'''

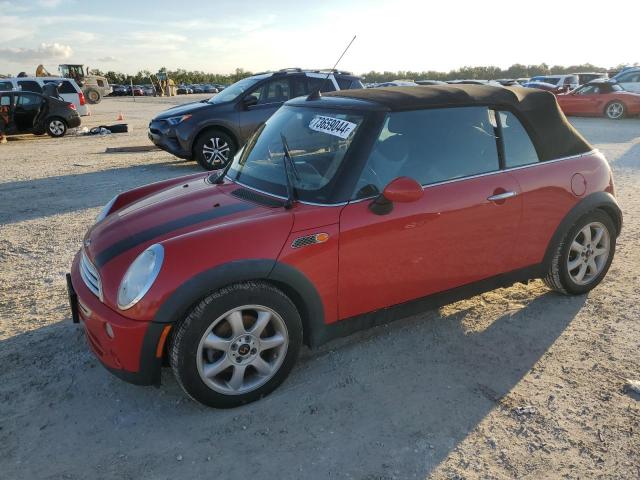 MINI COOPER 2008 with VIN WMWRF33578TF68013 - Photo from auction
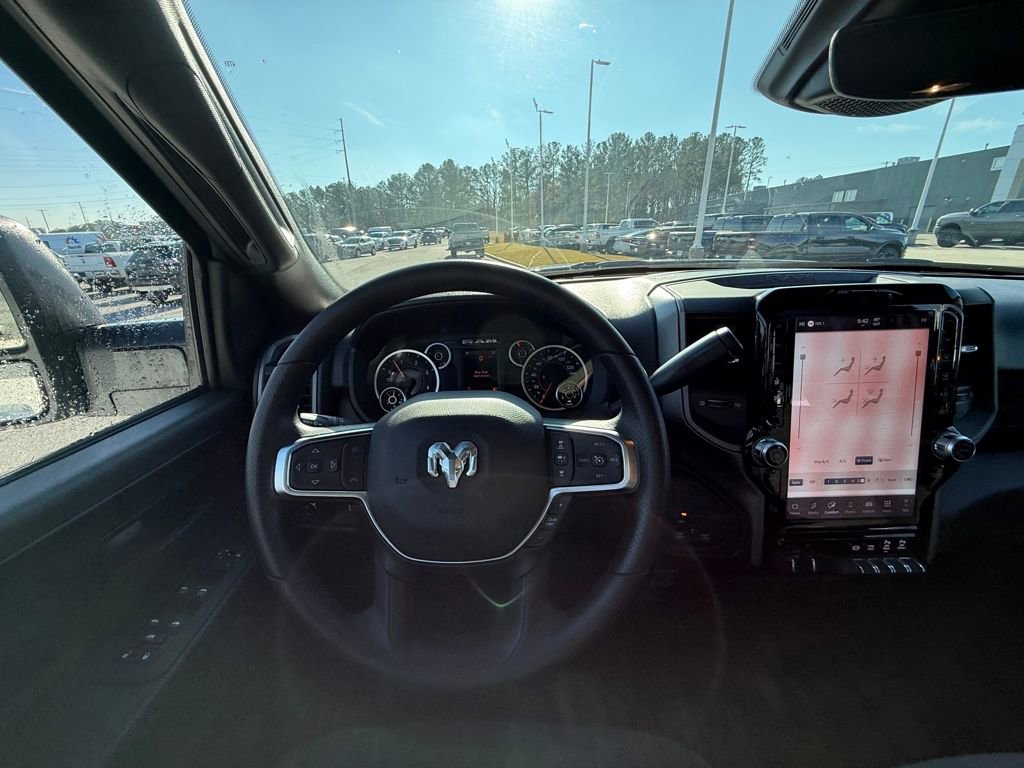 New 2026 RAM 3500 Tradesman image 14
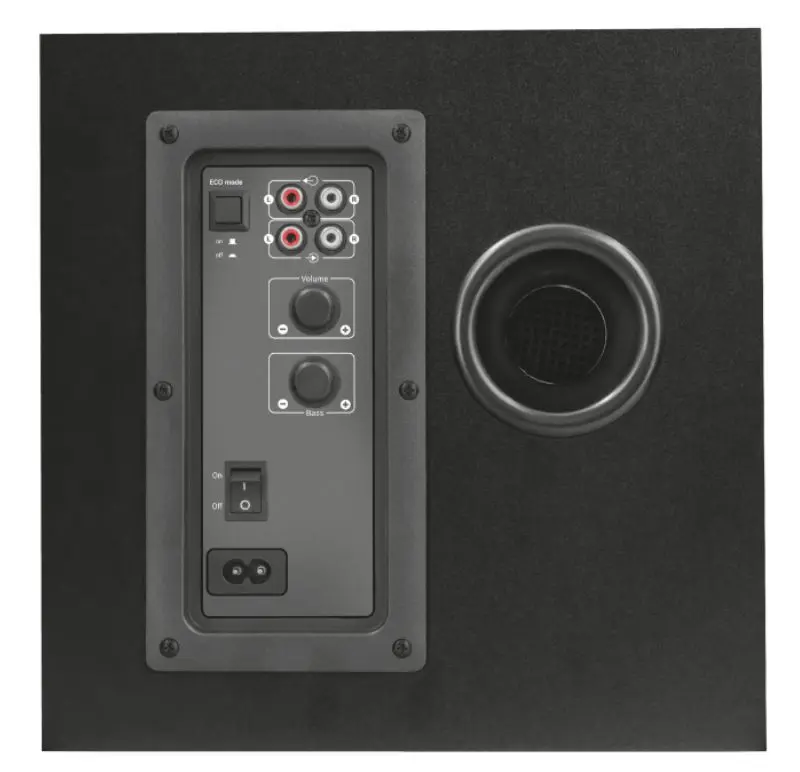 Sistem acustic Trust Gaming GXT 38 Tytan 2.1 (Black)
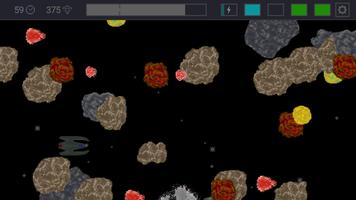 Asteroid Spaceship Shooter screenshot 2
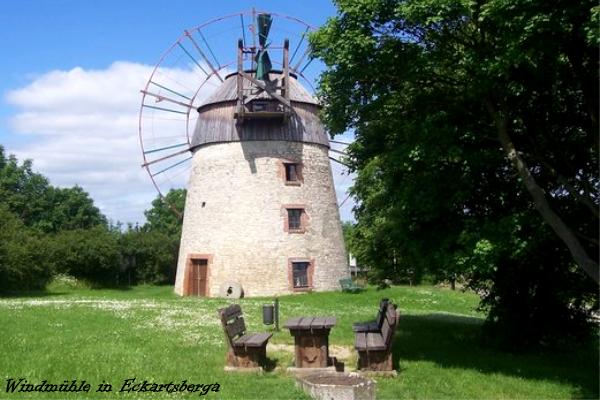 Windmühle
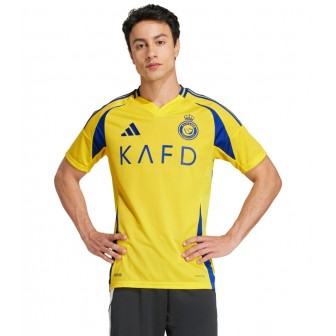 adidas - 2024-25 al nassar home shirt ronaldo 7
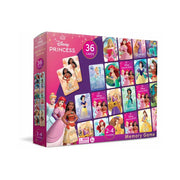 Disney Princess Memory Game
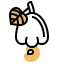 Кешью иконка 64x64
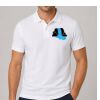 Maglietta Polo uomo personalizzata con Stampa e ricamo in 24 ore Thumbnail
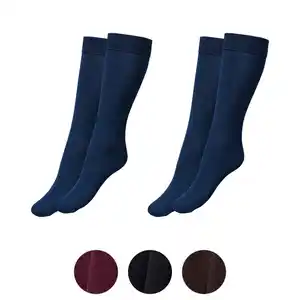 UP 2 FASHION WOMEN Damen Thermo Kniestrümpfe, 2er-Packung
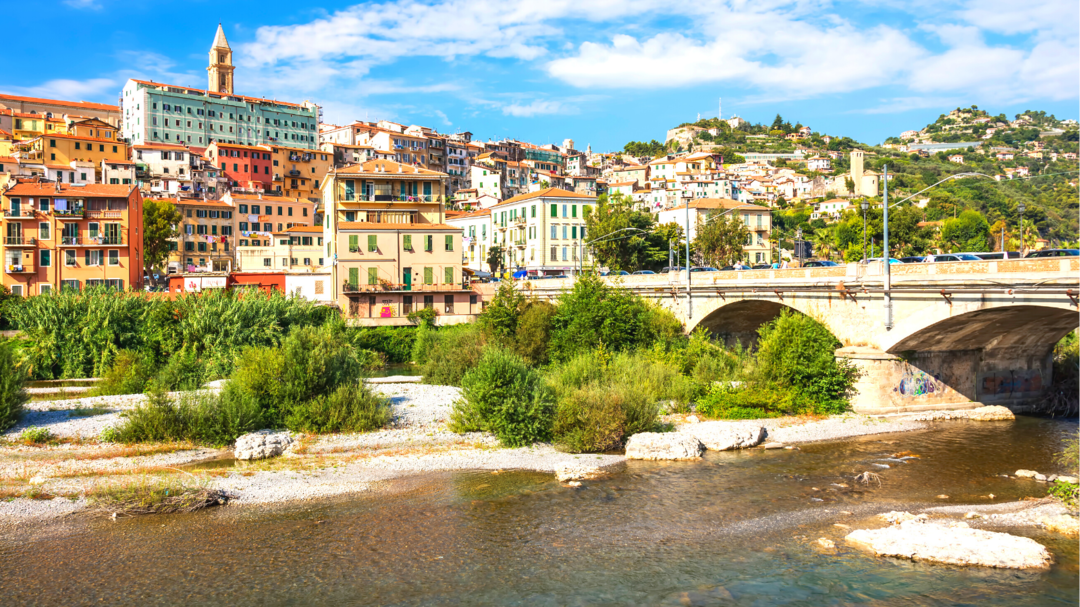 Photo of Ventimiglia, Italy 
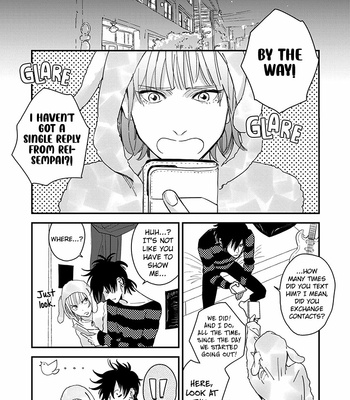 [Janome] Yoiyoi Monologue [Eng] – Gay Manga sex 53
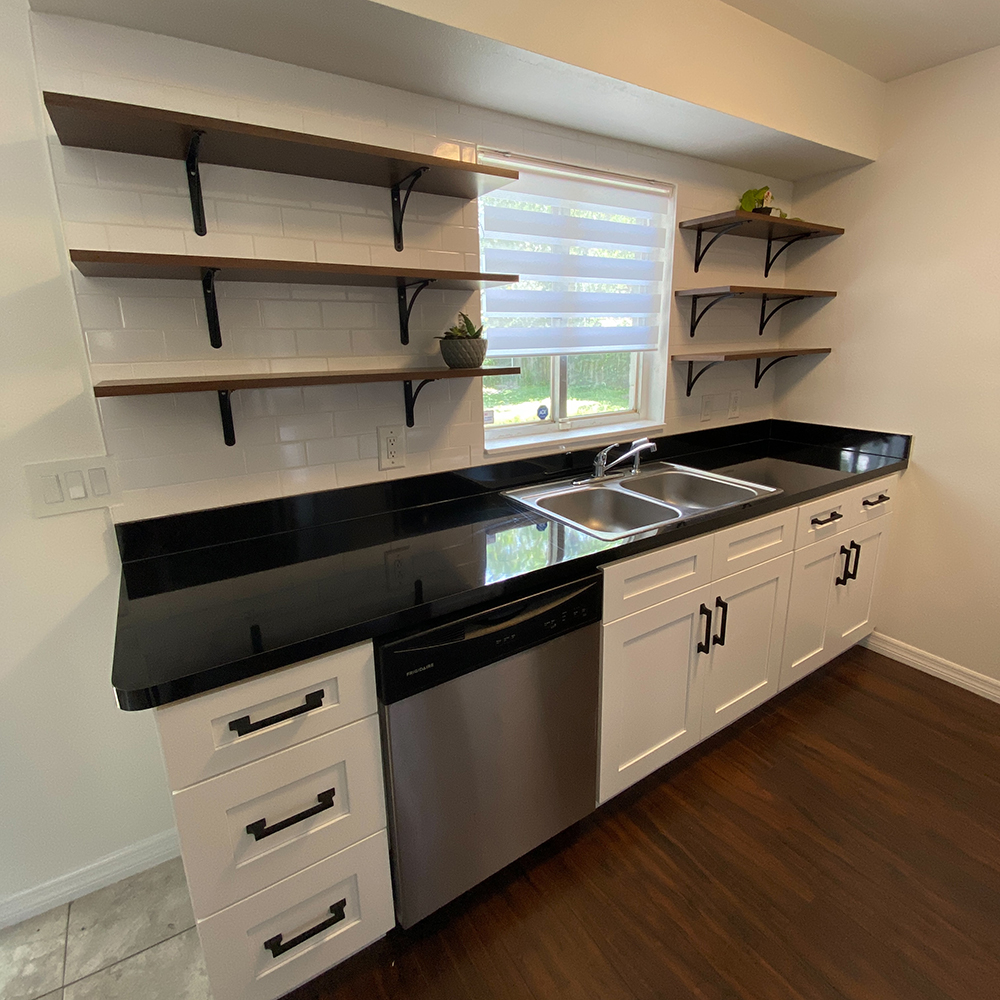 Floating Shelves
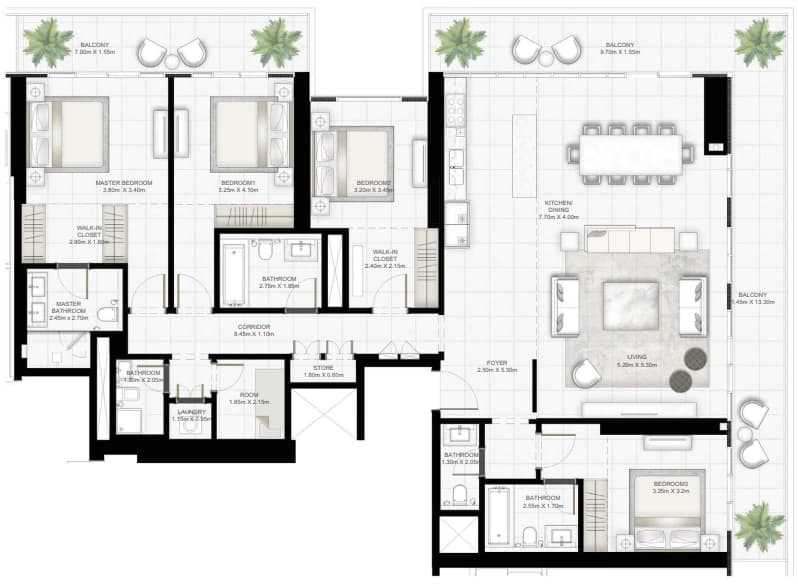 listing figureout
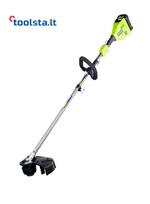 Ryobi RY36ELTX33A-0,  Akumuliatorinis trimeris 36V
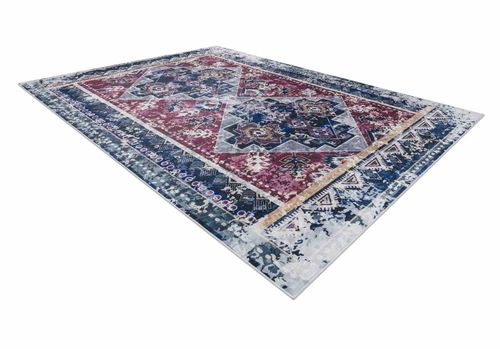 RUG/LU/ARLEN/ORIENTAL/RED+BLUE/120x170 na Arena.pl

'''

__Activity__. With the pictures dropped, write out all of the entries word for word.

__Task response__.
 MINI COOPER 2008 with VIN WMWRF33578TF68013 - Photo from auction
 New 2026 RAM 3500 Tradesman image 14
 Sistem acustic Trust Gaming GXT 38 Tytan 2.1 (Black)
 Asteroid Spaceship Shooter screenshot 2
 Windmühle
 adidas - 2024-25 al nassar home shirt ronaldo 7
 Disney Princess Memory Game
 Кешью иконка 64x64
 Maglietta Polo uomo personalizzata con Stampa e ricamo in 24 ore Thumbnail
 UP 2 FASHION WOMEN Damen Thermo Kniestrümpfe, 2er-Packung
 Photo of Ventimiglia, Italy 
 [Janome] Yoiyoi Monologue [Eng] – Gay Manga sex 53
 Floating Shelves
 listing figureout
 Ryobi RY36ELTX33A-0,  Akumuliatorinis trimeris 36V
 RUG/LU/ARLEN/ORIENTAL/RED+BLUE/120x170 na Arena.pl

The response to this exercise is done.